Start of The data
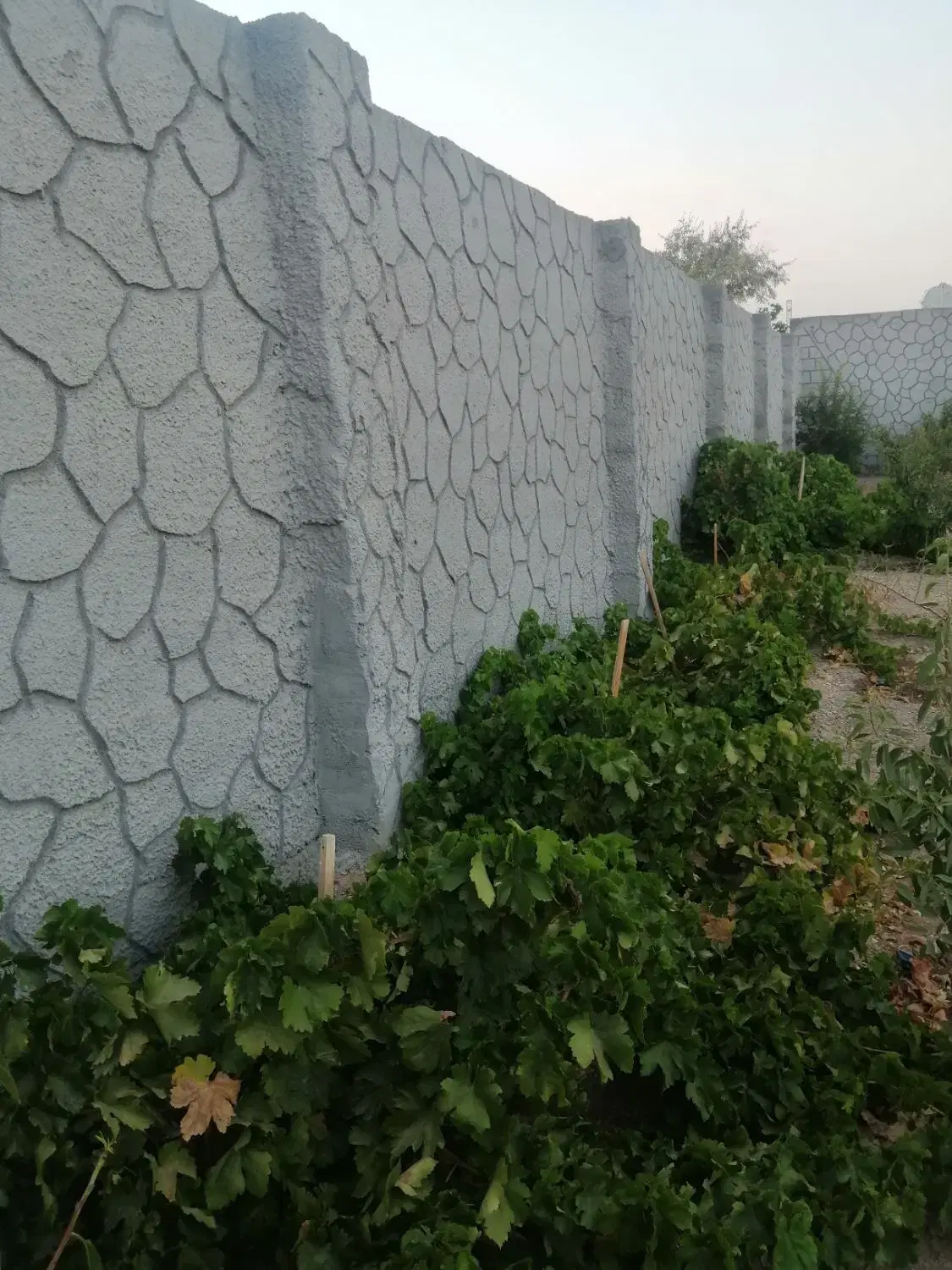 معاوضه زمین درنجف آبادبا2میلیارد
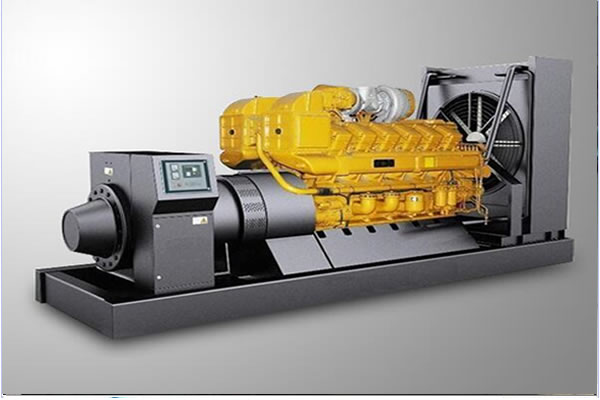 全新卡特彼勒柴油发电机组：900F/3412/720KW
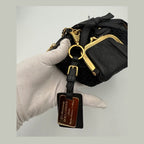 Dolce & Gabbana DOLCE & GABBANA Monica Bellucci Handbag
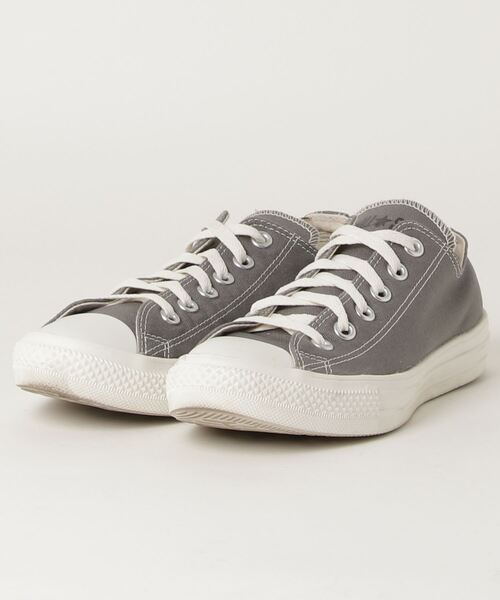 セール ブランド古着 ローカットスニーカー Converseコラボ スニーカー Earth Music Ecology アースミュージックアンドエコロジー のファッション通販 Zozoused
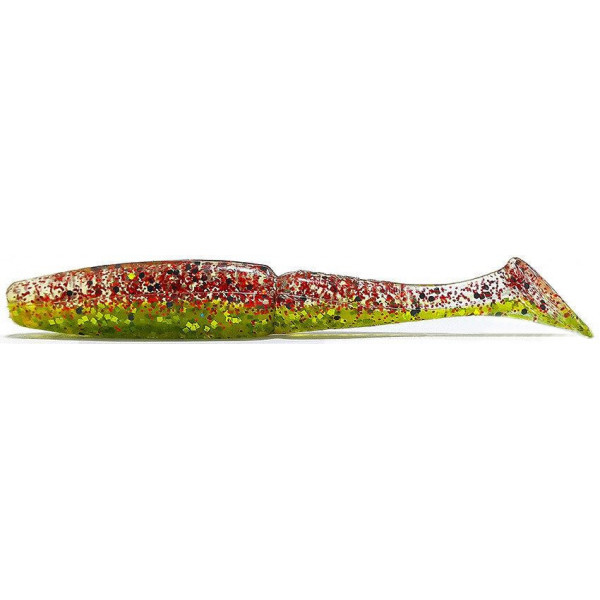

Силикон GAMBLER 3.75" Little EZ Candy Apple 9шт (111406)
End of The data
*Problem*. Please, leaving out all pictures, transcribe exactly the lines above from the one containing "セール ブランド古着 ローカットスニーカー" through the final line, both included.

*Finished exercise*.
 セール ブランド古着 ローカットスニーカー Converseコラボ スニーカー Earth Music Ecology アースミュージックアンドエコロジー のファッション通販 Zozoused

Силикон GAMBLER 3.75" Little EZ Candy Apple 9шт (111406)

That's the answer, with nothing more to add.